**EXERCISE AIM**
Lines to return, exactly: from the line with "12 färger kvinnor" to the line with "Quotemark vector set." in the entries below, both included.

BEGIN

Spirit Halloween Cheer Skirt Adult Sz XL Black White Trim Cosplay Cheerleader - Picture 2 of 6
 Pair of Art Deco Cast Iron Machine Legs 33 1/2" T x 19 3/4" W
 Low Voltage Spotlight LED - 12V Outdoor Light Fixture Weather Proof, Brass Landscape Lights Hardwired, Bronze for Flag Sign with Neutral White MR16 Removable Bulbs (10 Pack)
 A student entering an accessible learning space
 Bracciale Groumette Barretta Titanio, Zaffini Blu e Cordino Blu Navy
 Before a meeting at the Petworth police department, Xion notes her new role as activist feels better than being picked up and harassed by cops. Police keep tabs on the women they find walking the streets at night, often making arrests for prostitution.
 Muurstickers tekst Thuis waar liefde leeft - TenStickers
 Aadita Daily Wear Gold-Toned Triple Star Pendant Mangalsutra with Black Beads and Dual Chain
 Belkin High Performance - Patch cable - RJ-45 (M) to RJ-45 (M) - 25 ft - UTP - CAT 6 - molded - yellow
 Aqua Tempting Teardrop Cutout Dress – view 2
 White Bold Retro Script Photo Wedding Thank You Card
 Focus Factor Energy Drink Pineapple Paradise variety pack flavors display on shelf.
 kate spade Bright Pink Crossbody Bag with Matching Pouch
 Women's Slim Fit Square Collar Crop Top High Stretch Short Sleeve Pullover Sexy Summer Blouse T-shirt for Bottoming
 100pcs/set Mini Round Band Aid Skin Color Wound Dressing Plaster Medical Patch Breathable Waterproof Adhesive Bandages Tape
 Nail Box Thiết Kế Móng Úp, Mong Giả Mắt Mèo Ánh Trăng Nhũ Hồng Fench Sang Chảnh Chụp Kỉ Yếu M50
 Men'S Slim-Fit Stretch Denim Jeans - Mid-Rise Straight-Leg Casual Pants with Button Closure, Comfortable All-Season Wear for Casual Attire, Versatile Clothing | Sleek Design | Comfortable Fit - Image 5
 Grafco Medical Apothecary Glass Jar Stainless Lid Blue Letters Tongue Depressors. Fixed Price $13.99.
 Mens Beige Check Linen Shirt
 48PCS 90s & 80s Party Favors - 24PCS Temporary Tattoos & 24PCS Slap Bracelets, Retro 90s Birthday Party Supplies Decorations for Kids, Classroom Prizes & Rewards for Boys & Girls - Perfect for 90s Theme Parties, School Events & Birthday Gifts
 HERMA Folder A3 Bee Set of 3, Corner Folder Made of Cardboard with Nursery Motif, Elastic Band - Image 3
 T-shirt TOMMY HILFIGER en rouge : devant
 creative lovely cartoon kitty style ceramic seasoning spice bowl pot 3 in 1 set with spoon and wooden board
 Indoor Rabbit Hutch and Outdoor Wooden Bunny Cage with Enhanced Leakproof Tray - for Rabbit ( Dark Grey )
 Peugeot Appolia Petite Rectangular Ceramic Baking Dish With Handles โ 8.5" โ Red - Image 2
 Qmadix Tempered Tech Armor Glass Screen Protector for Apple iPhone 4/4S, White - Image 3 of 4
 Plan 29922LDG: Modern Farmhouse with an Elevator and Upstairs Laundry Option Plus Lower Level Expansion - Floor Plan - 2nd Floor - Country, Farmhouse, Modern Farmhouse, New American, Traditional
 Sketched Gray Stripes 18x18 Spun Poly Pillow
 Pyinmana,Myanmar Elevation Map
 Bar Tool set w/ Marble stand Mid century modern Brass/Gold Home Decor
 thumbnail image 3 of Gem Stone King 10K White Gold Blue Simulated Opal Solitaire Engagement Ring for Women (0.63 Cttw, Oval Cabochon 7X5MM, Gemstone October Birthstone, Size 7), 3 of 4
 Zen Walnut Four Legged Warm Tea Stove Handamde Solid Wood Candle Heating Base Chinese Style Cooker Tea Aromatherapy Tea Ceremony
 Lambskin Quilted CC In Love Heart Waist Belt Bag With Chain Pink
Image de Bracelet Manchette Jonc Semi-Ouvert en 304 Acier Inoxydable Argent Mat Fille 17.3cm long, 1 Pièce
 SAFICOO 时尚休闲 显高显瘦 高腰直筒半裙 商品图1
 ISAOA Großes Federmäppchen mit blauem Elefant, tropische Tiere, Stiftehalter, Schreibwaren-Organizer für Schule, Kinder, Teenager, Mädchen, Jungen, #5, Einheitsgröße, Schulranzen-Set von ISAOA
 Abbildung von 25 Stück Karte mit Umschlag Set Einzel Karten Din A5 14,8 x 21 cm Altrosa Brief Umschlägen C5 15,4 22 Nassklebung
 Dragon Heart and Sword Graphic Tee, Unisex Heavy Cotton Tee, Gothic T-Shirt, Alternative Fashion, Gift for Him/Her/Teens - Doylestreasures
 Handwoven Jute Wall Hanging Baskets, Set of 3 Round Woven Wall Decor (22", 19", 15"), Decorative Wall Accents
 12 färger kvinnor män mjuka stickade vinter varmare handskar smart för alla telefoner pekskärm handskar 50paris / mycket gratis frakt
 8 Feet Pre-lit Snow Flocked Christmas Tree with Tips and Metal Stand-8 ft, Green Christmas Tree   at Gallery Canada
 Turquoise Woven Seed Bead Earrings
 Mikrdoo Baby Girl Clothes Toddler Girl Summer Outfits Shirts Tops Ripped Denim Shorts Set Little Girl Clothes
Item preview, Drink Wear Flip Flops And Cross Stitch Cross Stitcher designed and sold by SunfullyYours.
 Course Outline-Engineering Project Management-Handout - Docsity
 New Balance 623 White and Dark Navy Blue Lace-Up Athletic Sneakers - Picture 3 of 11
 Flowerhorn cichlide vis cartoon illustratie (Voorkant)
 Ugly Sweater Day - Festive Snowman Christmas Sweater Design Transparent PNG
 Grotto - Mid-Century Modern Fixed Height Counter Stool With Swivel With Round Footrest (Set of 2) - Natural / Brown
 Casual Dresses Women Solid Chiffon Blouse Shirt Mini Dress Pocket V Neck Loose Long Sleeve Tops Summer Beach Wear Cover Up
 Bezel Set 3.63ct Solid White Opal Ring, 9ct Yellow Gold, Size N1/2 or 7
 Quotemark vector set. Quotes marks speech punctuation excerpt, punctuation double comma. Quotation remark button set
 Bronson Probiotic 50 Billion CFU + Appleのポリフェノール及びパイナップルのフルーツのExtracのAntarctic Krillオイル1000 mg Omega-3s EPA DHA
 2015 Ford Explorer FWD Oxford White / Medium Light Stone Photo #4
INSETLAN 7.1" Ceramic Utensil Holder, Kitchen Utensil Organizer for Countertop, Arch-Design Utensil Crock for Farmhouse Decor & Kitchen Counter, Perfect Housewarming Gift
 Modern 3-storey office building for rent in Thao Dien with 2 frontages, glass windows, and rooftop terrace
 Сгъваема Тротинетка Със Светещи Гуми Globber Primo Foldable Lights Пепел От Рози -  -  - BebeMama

END

**ANSWER FOR THE TASK**
 12 färger kvinnor män mjuka stickade vinter varmare handskar smart för alla telefoner pekskärm handskar 50paris / mycket gratis frakt
 8 Feet Pre-lit Snow Flocked Christmas Tree with Tips and Metal Stand-8 ft, Green Christmas Tree   at Gallery Canada
 Turquoise Woven Seed Bead Earrings
 Mikrdoo Baby Girl Clothes Toddler Girl Summer Outfits Shirts Tops Ripped Denim Shorts Set Little Girl Clothes
Item preview, Drink Wear Flip Flops And Cross Stitch Cross Stitcher designed and sold by SunfullyYours.
 Course Outline-Engineering Project Management-Handout - Docsity
 New Balance 623 White and Dark Navy Blue Lace-Up Athletic Sneakers - Picture 3 of 11
 Flowerhorn cichlide vis cartoon illustratie (Voorkant)
 Ugly Sweater Day - Festive Snowman Christmas Sweater Design Transparent PNG
 Grotto - Mid-Century Modern Fixed Height Counter Stool With Swivel With Round Footrest (Set of 2) - Natural / Brown
 Casual Dresses Women Solid Chiffon Blouse Shirt Mini Dress Pocket V Neck Loose Long Sleeve Tops Summer Beach Wear Cover Up
 Bezel Set 3.63ct Solid White Opal Ring, 9ct Yellow Gold, Size N1/2 or 7
 Quotemark vector set. Quotes marks speech punctuation excerpt, punctuation double comma. Quotation remark button set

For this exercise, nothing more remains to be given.